▸ **Task item**
Write out again the entries from the first line to the line that includes "The new version", keeping both of those lines.

Dataset excerpts:
********************
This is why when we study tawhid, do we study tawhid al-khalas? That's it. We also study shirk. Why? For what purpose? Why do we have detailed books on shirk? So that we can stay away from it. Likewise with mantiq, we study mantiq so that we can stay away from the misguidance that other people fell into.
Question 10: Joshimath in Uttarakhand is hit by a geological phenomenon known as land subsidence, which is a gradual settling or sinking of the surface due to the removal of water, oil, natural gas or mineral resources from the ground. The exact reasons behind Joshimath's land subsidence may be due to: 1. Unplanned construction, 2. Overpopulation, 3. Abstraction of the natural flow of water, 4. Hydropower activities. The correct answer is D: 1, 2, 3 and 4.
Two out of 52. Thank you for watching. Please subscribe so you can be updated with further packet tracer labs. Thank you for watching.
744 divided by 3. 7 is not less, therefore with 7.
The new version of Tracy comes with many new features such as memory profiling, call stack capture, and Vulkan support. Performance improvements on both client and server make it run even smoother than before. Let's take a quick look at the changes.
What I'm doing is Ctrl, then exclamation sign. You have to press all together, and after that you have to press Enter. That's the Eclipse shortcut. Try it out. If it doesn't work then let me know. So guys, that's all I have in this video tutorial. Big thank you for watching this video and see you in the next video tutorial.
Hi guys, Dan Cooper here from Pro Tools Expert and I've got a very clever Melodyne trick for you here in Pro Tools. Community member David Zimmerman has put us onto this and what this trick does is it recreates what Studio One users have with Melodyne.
********************
▸ **Problem solution**
This is why when we study tawhid, do we study tawhid al-khalas? That's it. We also study shirk. Why? For what purpose? Why do we have detailed books on shirk? So that we can stay away from it. Likewise with mantiq, we study mantiq so that we can stay away from the misguidance that other people fell into.
Question 10: Joshimath in Uttarakhand is hit by a geological phenomenon known as land subsidence, which is a gradual settling or sinking of the surface due to the removal of water, oil, natural gas or mineral resources from the ground. The exact reasons behind Joshimath's land subsidence may be due to: 1. Unplanned construction, 2. Overpopulation, 3. Abstraction of the natural flow of water, 4. Hydropower activities. The correct answer is D: 1, 2, 3 and 4.
Two out of 52. Thank you for watching. Please subscribe so you can be updated with further packet tracer labs. Thank you for watching.
744 divided by 3. 7 is not less, therefore with 7.
The new version of Tracy comes with many new features such as memory profiling, call stack capture, and Vulkan support. Performance improvements on both client and server make it run even smoother than before. Let's take a quick look at the changes.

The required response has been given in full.